Detained Palestinian teenager Ahed Tamimi is the latest poster child for a U.K.-based activist group whose signature tactic is to post fake adverts on London billboards.
- American Jews: Ahed Tamimi Is Your Issue, Too
- Joan of Arc in a West Bank Village
- And if She Were Your Daughter?
Her arrest and detention on December 19 for slapping an Israeli officer has sparked worldwide protests, with demonstrations in recent weeks in, among others, New York, Berlin, Hamburg, Brussels and Amsterdam calling for her release. The New York demonstration turned ugly when a group of counterprotesters from the Jewish Defense League showed up and started chanting for Tamimi to be jailed.
The London posters feature a black-and-white sketch of the confrontation between 16-year-old activist Tamimi and the Israeli soldier in her home village of Nabi Saleh, in the West Bank, on December 17. They also features the tag line “Free Ahed Tamimi” and the strapline “Freedom for Palestinian Prisoners.”
Tamimi's cousin, Nour Tamimi, 21, was indicted on Sunday for aggravated assault of a soldier and preventing a soldier from carrying out his duties. Ahed Tamimi’s mother, Nuriman, has also been detained for filming the incident and posting it on Facebook.
The pro-Tamimi posters started appearing on bus shelters across the capital last week. They are the brainchild of the groups London Palestine Action and Protest Stencil, who have previously worked on similar grassroots ad campaigns on the city’s transport network.
Protest Stencil’s modus operandi is to either stencil messages over regular ad campaigns or stick up official-looking ads in support of various radical causes.
In 2016, the groups marked Israel Apartheid Week – an international event held on university campuses – by illegally placing hundreds of posters across London Underground, highlighting such issues as Palestinian child prisoners, alleged BBC bias and demolitions of terrorists’ homes.
Israeli Prime Minister Benjamin Netanyahu was outraged by the move and announced he had personally asked representatives to demand the posters be removed. For its part, London Underground said it considered the posters to be an act of vandalism and that they would be removed whenever they were found.
Previous direct action by London Palestine Action included a 2014 stunt in which activists shut down a Elbit-owned drone engine factory in central England for two days after occupying the building’s roof.
The guerrilla actions have also outraged Anglo-Jewish leaders. Last September, umbrella body the Board of Deputies of British Jews complained to London Transport over mock adverts calling for the cancellation of a program of events aimed at promoting Tel Aviv.
On its social media pages, London Palestine Action describes itself as “taking creative action against Israeli apartheid through BDS [boycott, divestment and sanctions] and other effective, participatory Palestine solidarity work.”

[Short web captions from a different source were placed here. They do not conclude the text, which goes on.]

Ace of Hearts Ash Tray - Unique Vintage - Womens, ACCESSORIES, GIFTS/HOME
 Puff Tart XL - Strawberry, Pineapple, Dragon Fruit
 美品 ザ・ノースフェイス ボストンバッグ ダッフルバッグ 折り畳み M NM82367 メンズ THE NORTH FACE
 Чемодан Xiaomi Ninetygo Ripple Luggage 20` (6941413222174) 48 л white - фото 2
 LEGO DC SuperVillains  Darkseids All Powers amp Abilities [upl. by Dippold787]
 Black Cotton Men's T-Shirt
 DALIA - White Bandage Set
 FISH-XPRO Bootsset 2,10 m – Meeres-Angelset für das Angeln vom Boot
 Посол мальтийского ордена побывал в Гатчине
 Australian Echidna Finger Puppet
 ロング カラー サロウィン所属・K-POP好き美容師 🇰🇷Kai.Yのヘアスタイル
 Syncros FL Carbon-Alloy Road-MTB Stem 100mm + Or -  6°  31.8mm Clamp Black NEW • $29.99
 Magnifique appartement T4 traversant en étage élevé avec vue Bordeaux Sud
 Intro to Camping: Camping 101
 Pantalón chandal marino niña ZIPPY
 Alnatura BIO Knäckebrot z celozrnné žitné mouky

The Protest Stencil motto, meanwhile, is “You can do a lot of damage with a craft knife.”
The Tamimi ad campaign has also spread online after Protest Stencil posted images of its artwork on Twitter. On the #AhedTamimiLondon page, social activist Pauline Park said the posters served “to educate #London about the brutality & violence of #ApartheidIsrael’s attacks on innocent defenseless #Palestinian #children who are routinely assaulted & imprisoned.” An Israeli, @dligdi345, responded that if Tamimi “had done it in London, to a Met [police] officer, they would have broken her arms.”
Protest Stencil has also targeted Nick Cave following his decision to play in Tel Aviv last November. The group added the words “SOLD OUT to Israel Apartheid” to official posters promoting Cave’s headline performance at a one-day festival in London in June.